But she kept crying. And crying. AND CRYING. I pulled her away from me, her little legs kicking angrily. That is when I saw it: her foot was red and beginning to swell. I had rubbed the ointment into the wrong place! I was trying to heal her, and I was doing it all wrong. I started to cry right along with her, rubbed in the ointment into the right place, and then called back the doctor, and the nurse once again reassured me she would be alright.

And she was. Thank God.

That day was the first of an embarrassing string of awful parenting moments, but, through tearful confessions to friends, I soon learned that I was not alone. If we peel back the layer of the perfection we all strive for, we learn that we all make mistakes with our kids, from the shameful accidents to the less-than-stellar parental freak-outs that twist themselves into possessed yelling. 

But, as a new mother, I learned an even more important lesson that day. Sure, this "having a baby" stuff wasn't nearly as hard as I thought it would be. It was harder.

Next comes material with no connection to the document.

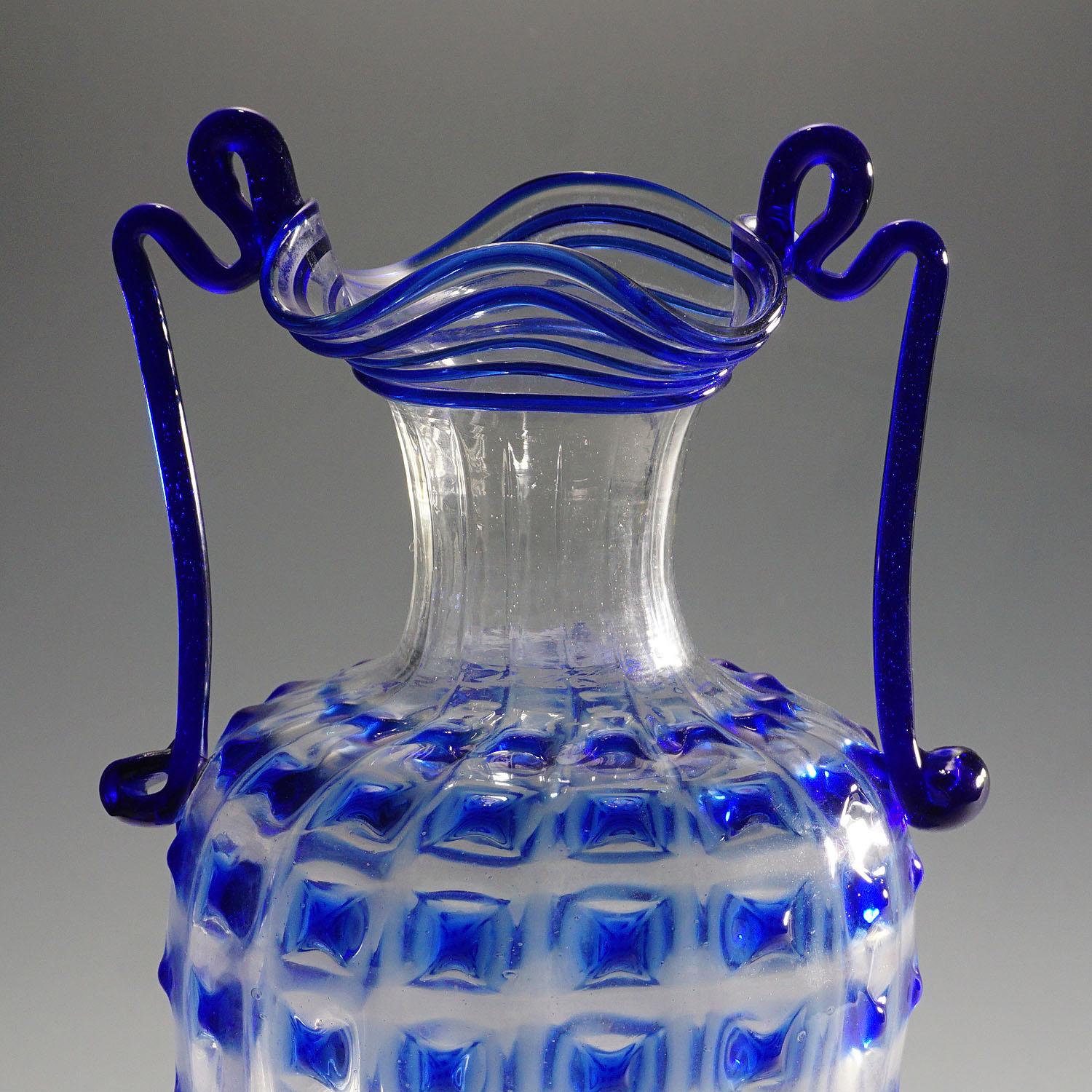 Große Fratelli Toso-Amphora-Vase, ca. 1930 im Zustand „Gut“ im Angebot in Berghuelen, DE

I realized it's not the lack of sleep or the ability or inability to make dinner, take a shower, or throw dinner parties while tending to your baby's needs that makes it hard. No, what makes it hard is how much you care; how suddenly you are more vulnerable, more raw, more in love, than you've ever been. And as that baby grows and becomes a person with opinions and interests and demands and a defined personality, it only gets harder.

And you know what? I'm up for the challenge.